Work item:
Exactly as written, return every line of the data below apart from the pictures.

Input records:
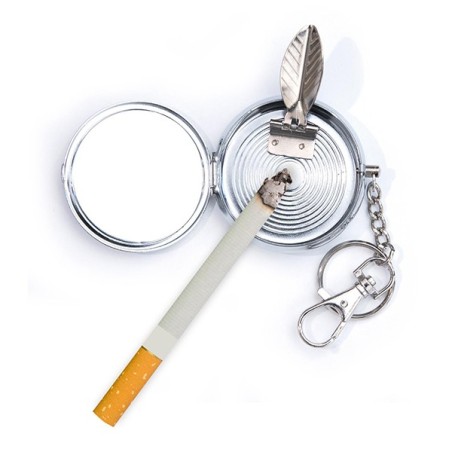 Cendrier de poche gris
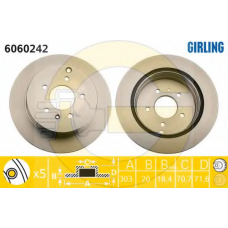 6060242 GIRLING Тормозной диск
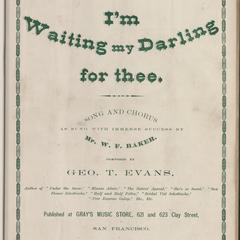 I'm waiting my darling for thee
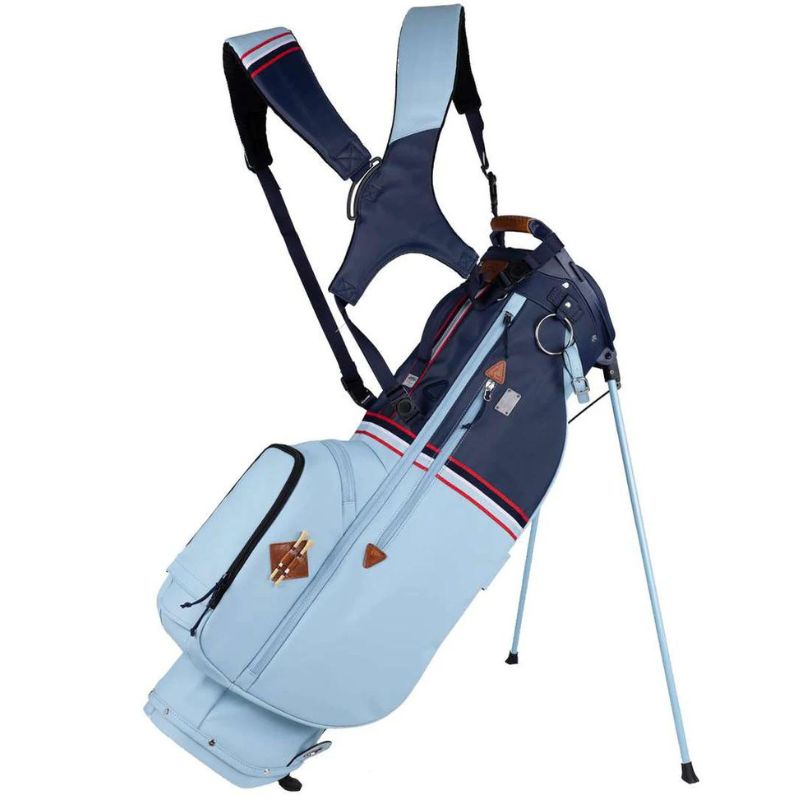 Sun Mountain 2023 Mid-Stripe 14-Way Stand Bag Frost Navy Red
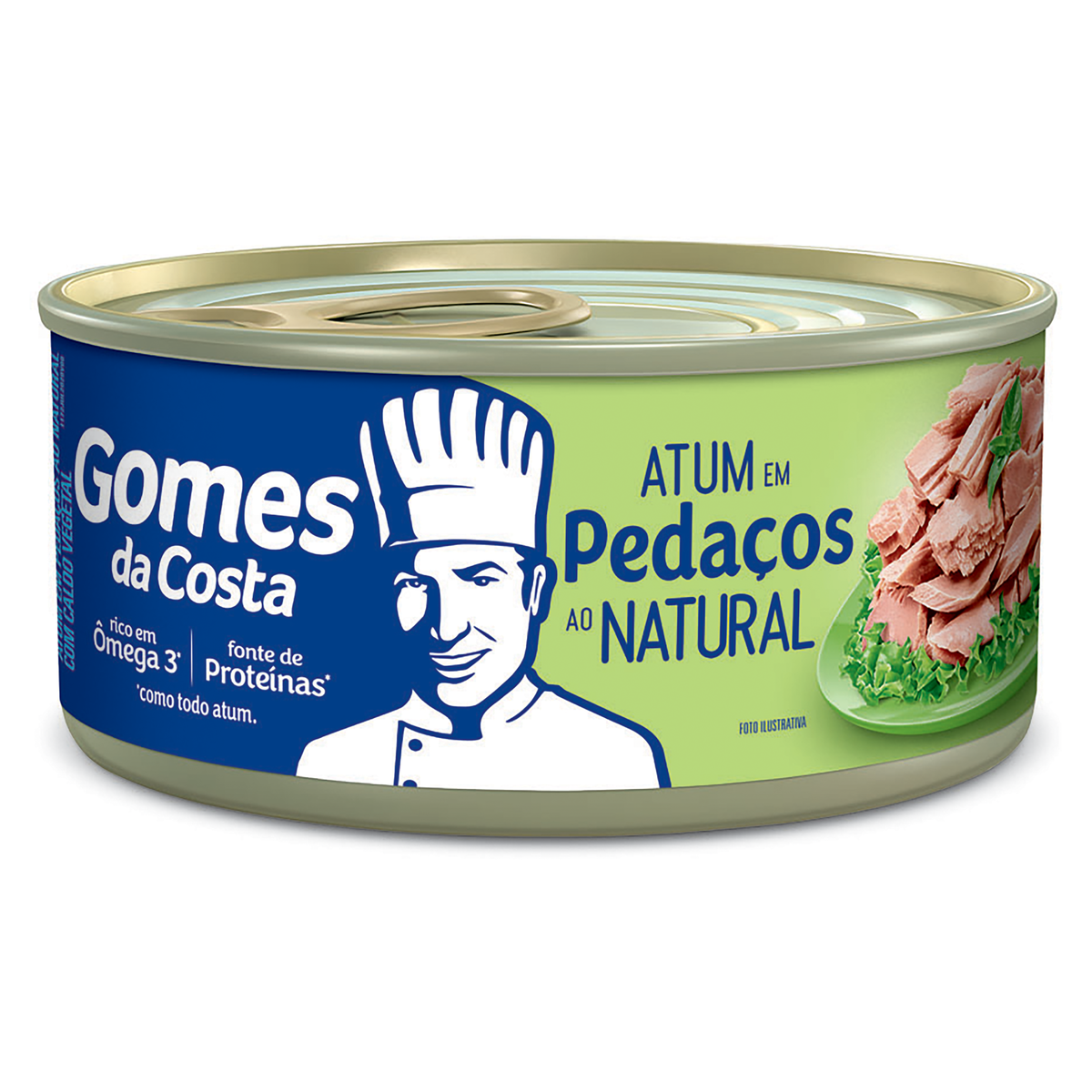 ATUM G.COSTA PEDACOS NATURAL 140G
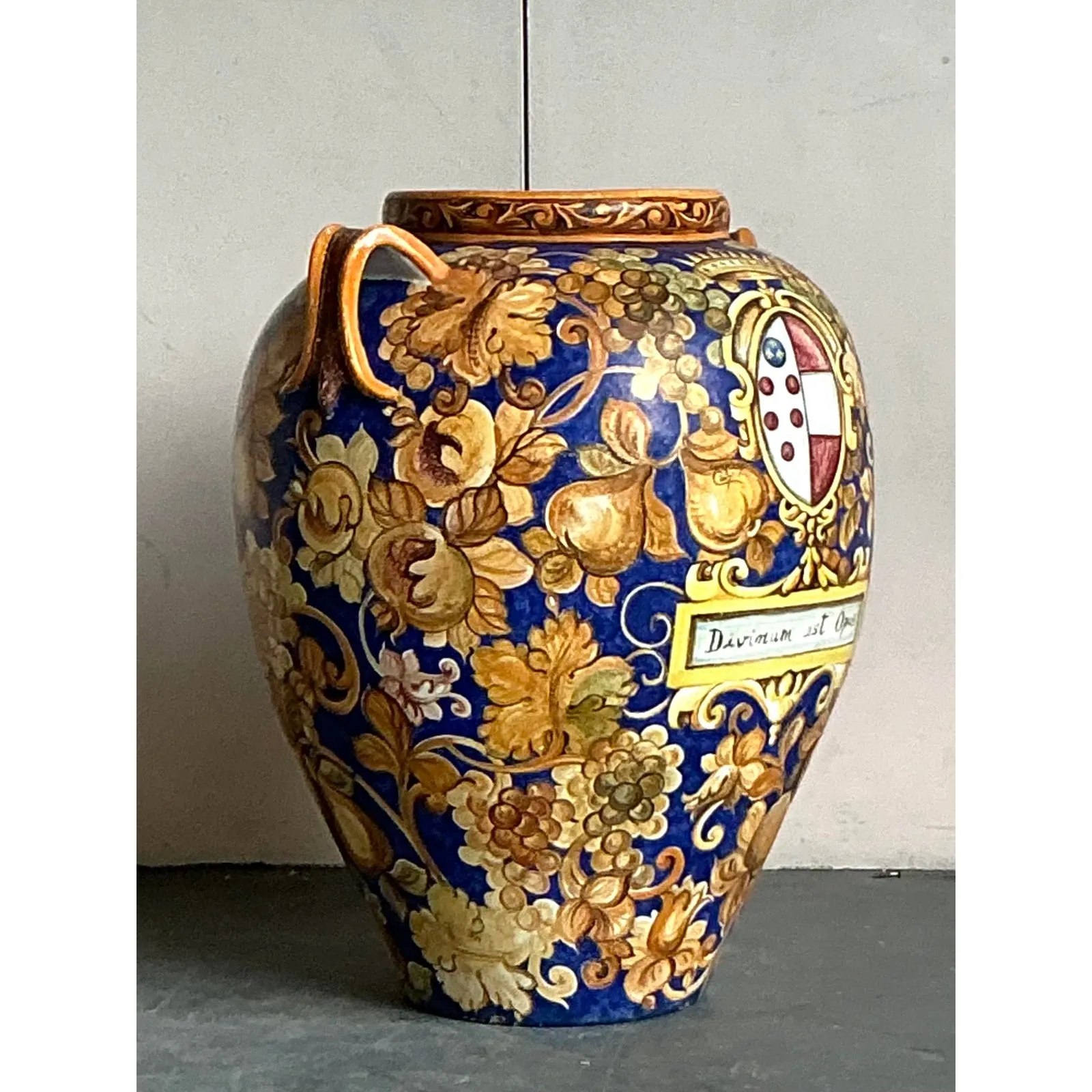 Vintage Italian Monumental Hand Painted Urn — additional photo 7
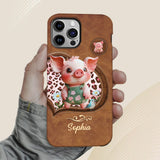 Cute Pig - Personalized Pig Lover Full Print Phone Case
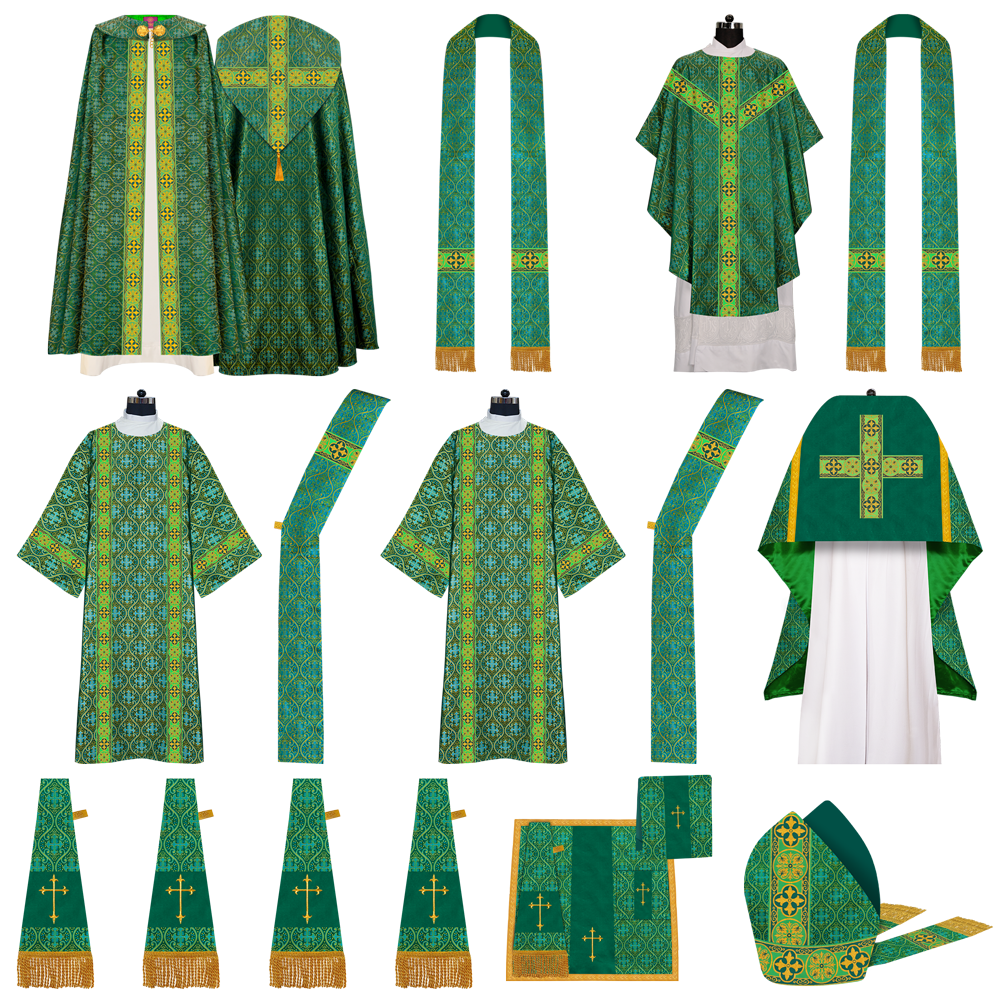 Gothic Highline Mass set Vestments with Orphrey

Result:
 Cendrier de poche gris
 6060242 GIRLING Тормозной диск
 I'm waiting my darling for thee
 Sun Mountain 2023 Mid-Stripe 14-Way Stand Bag Frost Navy Red
 ATUM G.COSTA PEDACOS NATURAL 140G
 Vintage Italian Monumental Hand Painted Urn — additional photo 7
 Cute Pig - Personalized Pig Lover Full Print Phone Case
 Gothic Highline Mass set Vestments with Orphrey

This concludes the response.